By 4am, the subways had started again.....and the stop closest to me began to erupt people....hundreds, than thousands began to arrive.......and we began to fight for out "place" on the street close to the entry gate. We soon realized that it was no longer a line, but a group...and then a large group.....and then it was A HUGE THRONG of people waiting for the gate to open for security checks and then into the viewing area. It was DAMNED COLD.....I WAS SHIVERING, even as a Dough-boy,...........but, standing now with sooooo many others around you, it blocked the chilling wind, and of course, everyone was talking and telling their stories!!!
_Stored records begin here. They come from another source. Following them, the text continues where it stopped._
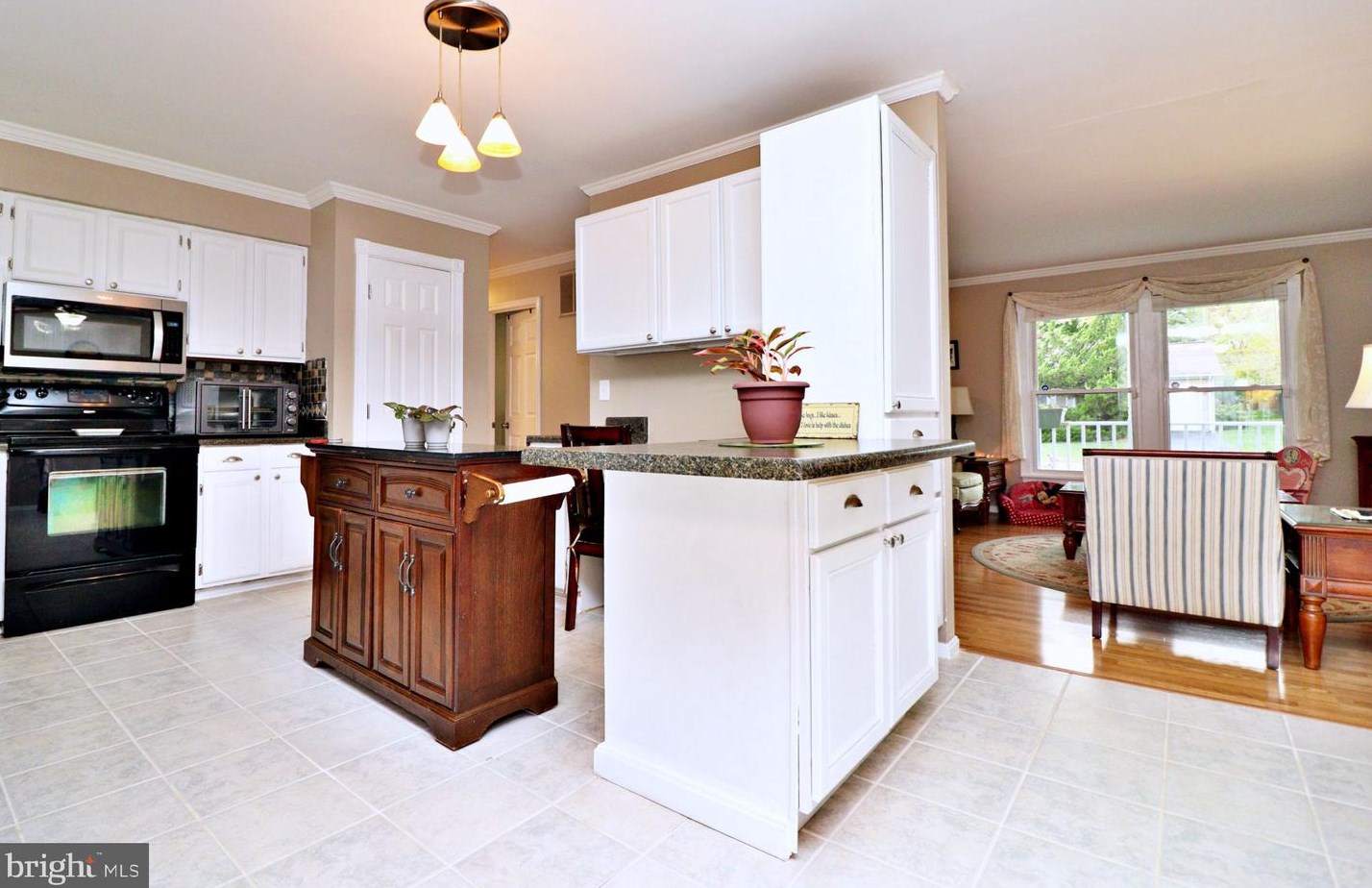 509 Upshur Dr, Inwood WV  25428-3692 exterior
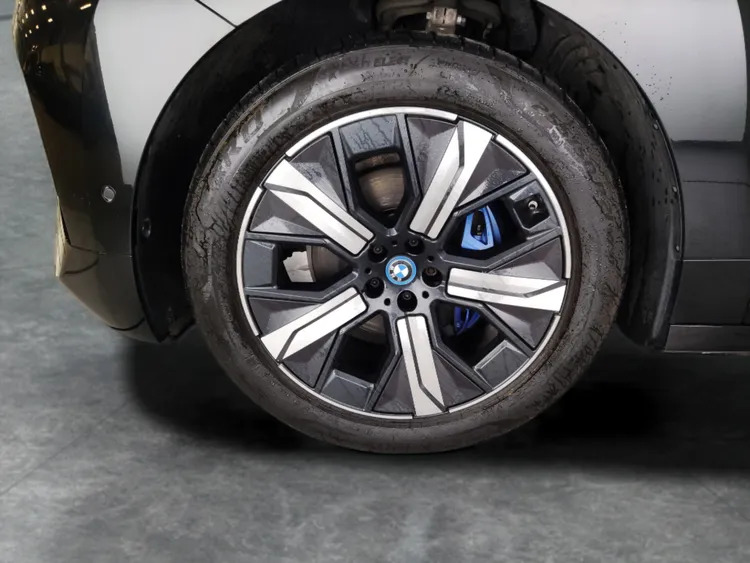 BMW iX Suv Black #10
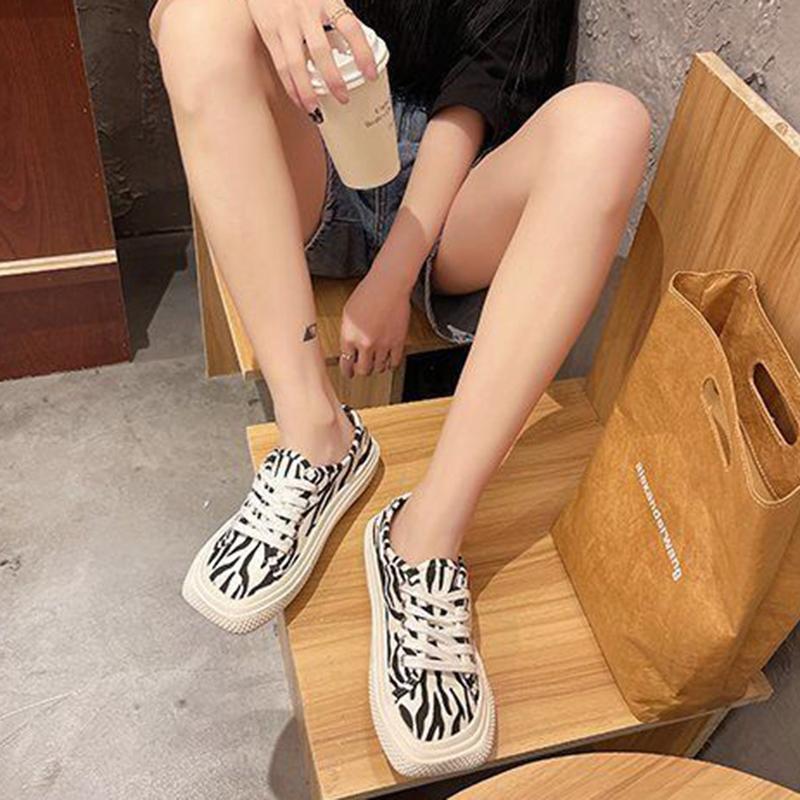 Canvas Shoes Female Students Korean Version of Mango Head Spring Leopard Print Flat Bottom All-match Casual Shoes White Shoes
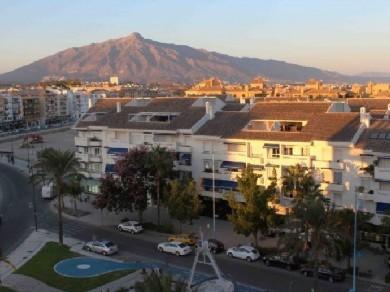 Apartamento con 3 dormitorios se vende en Marbella, Costa del Sol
About 7am, activity began and soon the gate was open, having to show your tickets, and then another wait began for the TSA to open the security gates. I began to think.....shit, how was I going to empty all of my pockets, my little black case, etc., etc. However, around 8am, the rush began as they opened the security lines. Luckily, they hardly looked at anything, no machines to sniff or scan you, no dogs to sniff your body, but just a casual look at your "stuff", and then a quick "pat-down", and I WAS IN!!!!!!.....Others ahead were running, and I began to run as fast as I could have standing since way before 2am(in the station)...I was soooo damn stiff.....and as I got going, attempting to hold onto everything, I ran to the front getting into the second row which had formed but I was next to the fenced area where the Handicapped" were to be wheeled, carried, helped into for their viewing area. We were on the west side of the reflecting pool (of ice) and looking across to the chairs and statues and other stuff where the Inaugural was to take place.
Standing began again........and for the next couple of hours, we chatted, learned about those around us, laughed, etc. Than the shoving from someplace in the rear began....and soon the plastic netting fence began to give as we were shoved forwards!!!! It went down and the rush began to get to the front by the next plastic fence!!!! I lost ground and was a bit further back, but could still see because those in front of me were SHORT!!!! YEA!!!! Then the pushing began from the rear...again. And, soon that fence went down to the ground!!!!
Again, we rushed, BUT.....God forbid, we were in the Handicapped area. So, we attempted to be careful so that those who were there in that section legally, could still see across the pool of ice.
By this time, there was not control, but I got to a good viewing area.....and STOOD MY GROUND!.
And then music began, I could see the Jumbotrom across the pool of ice....and then all of the ceremonies began about 10:30am. WOW...WOW...WOW....I was there to experience this once in a Lifetime historical event!!!! I could see the official area of the Capitol where the event was taking place.......not close enough to see faces, but I could see the movements on the "stages"....and sooooooo much was going through my mind: my place here, where I had come from, my college experiences in the early 1960's with attending a former all black(Negro) state college, my experiencs there with my black friends, the three-restroom places, my picketing for days to open and integrate the bowling allies for my black friends, my eating at counters where my friends could not sit, all of these things came pouring out of my mind ....and the mental visuals of these memories began to block my viewing of the transpiring events.....and the tears began to run down my cold cheeks.......tears of the past, tears of now, tears of what I was doing here and had far I had come, and how far our marvelous country had come!!!!!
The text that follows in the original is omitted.